The Alaska legislature also provided funding to support the Sawmill Creek restoration effort. TWC alerted State Representative Thomas, who successfully obtained funding from the state capital budget to replace a deteriorating culvert blocking fish passage on Sawmill Creek's mainstem—a project that was completed in early summer 2008. Representative Thomas secured an additional appropriation to replace a culvert in another part of the Sawmill Basin and to support TWC as it works with Alaska Department of Transportation to restore a section of the creek adjacent to its local maintenance yard.
In 2006 and 2007 the TWC and citizen volunteers removed 27,000 pounds of scrap metal and 132 bags of trash from Sawmill Creek, including one large deposit of abandoned vehicles and assorted refuse from the creek's bank. Public education is helping to eliminate the public acceptance of using abandoned vehicles for stream bank stabilization and has increased the number of children and adults in the community who are aware of the habitat values of Sawmill Creek.
TWC believes that raising the profile of the creek and its impairment has helped to change the community's attitude about dumping in the creek and has decreased the prevalence of debris dumping and littering. In fact, TWC has seen no new large-scale dumping in the past few years.
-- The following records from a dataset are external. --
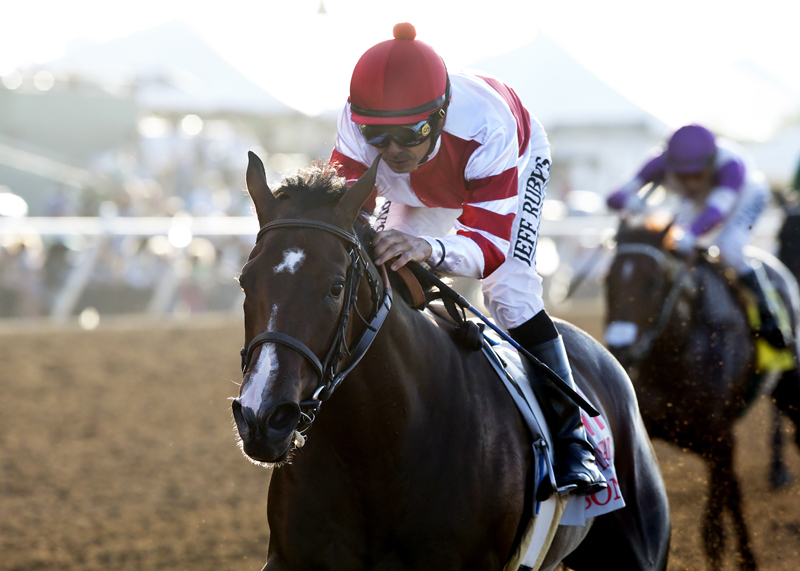 Songbird 9-5-2015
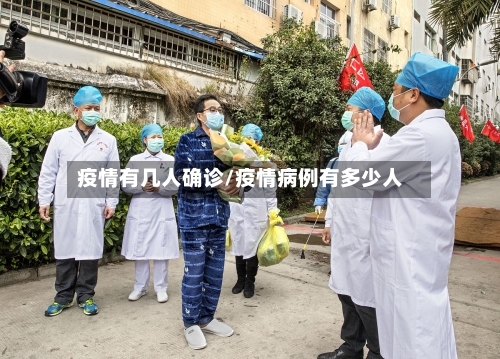 疫情有几人确诊/疫情病例有多少人-第3张图片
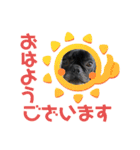 ふれぶるの玄くん（個別スタンプ：5）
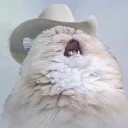 WesternCatScream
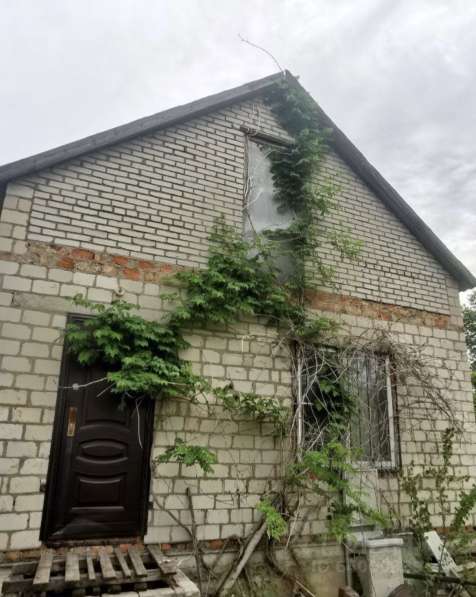 Продам дом в Дороговском в Белой Калитве фото 6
The project partners successfully removed the majority of the debris originally impairing Sawmill Creek, and the creek is now meeting the water quality standard. Consequently, DEC removed debris from the list of impairments for Sawmill Creek in 2008. TWC performs periodic fish and benthic macroinvertebrates sampling to indicate in-stream water quality; while sampling, the group continues to visually monitor Sawmill Creek for debris.
Partners and Funding
Alaska DEC helped TWC organize events and Sawmill Creek restoration activities. The USFWS funded restoring a branch of the creek and subsequent monitoring work. The Alaska legislature provided more than $360,000 to replace culverts and restore the stream in 2008. TWC received two separate Alaska Clean Water Actions (ACWA) grants ($5,390 and $30,000) in 2007 that supported a number of efforts including assessing the watershed, monitoring associated with this assessment, removing debris, and stabilizing and revegetating stream banks. Section 319 funds are a component of ACWA grants and thus contributed to ACWA-funded projects.
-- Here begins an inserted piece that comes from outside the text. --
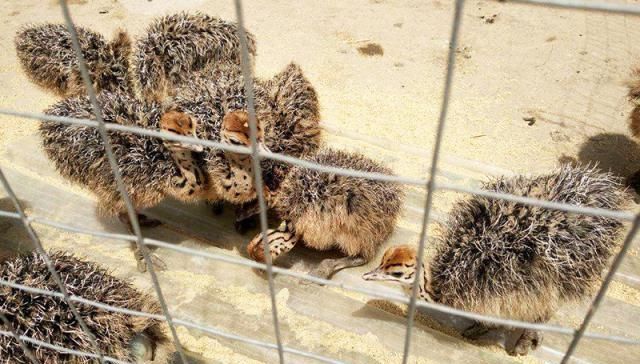  #产值#全身产值高达20000元，一个蛋150元，市场火爆，农民却不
Grants from EPA's Environmental Education program, the local Chilkoot Indian Association and the Charlotte Martin Foundation have funded education activities with students in the watershed. Students from the Haines Borough school district helped with a number of the cleanup events. Haines Borough provided equipment and operator time to remove larger items, such as cars, from the creek. Private landowners supported and helped with cleanup efforts on their property.
An additional $15,000 in ACWA funding will support a 2009 discharge and sediment study. TWC is identifying habitat impairments and rehabilitation needs and forming a partnership with the Department of Fish and Game to set up stream gauging stations. Haines Borough has set aside $20,000 in funds to purchase land for conservation purposes in the watershed and funded a restoration plan for future work.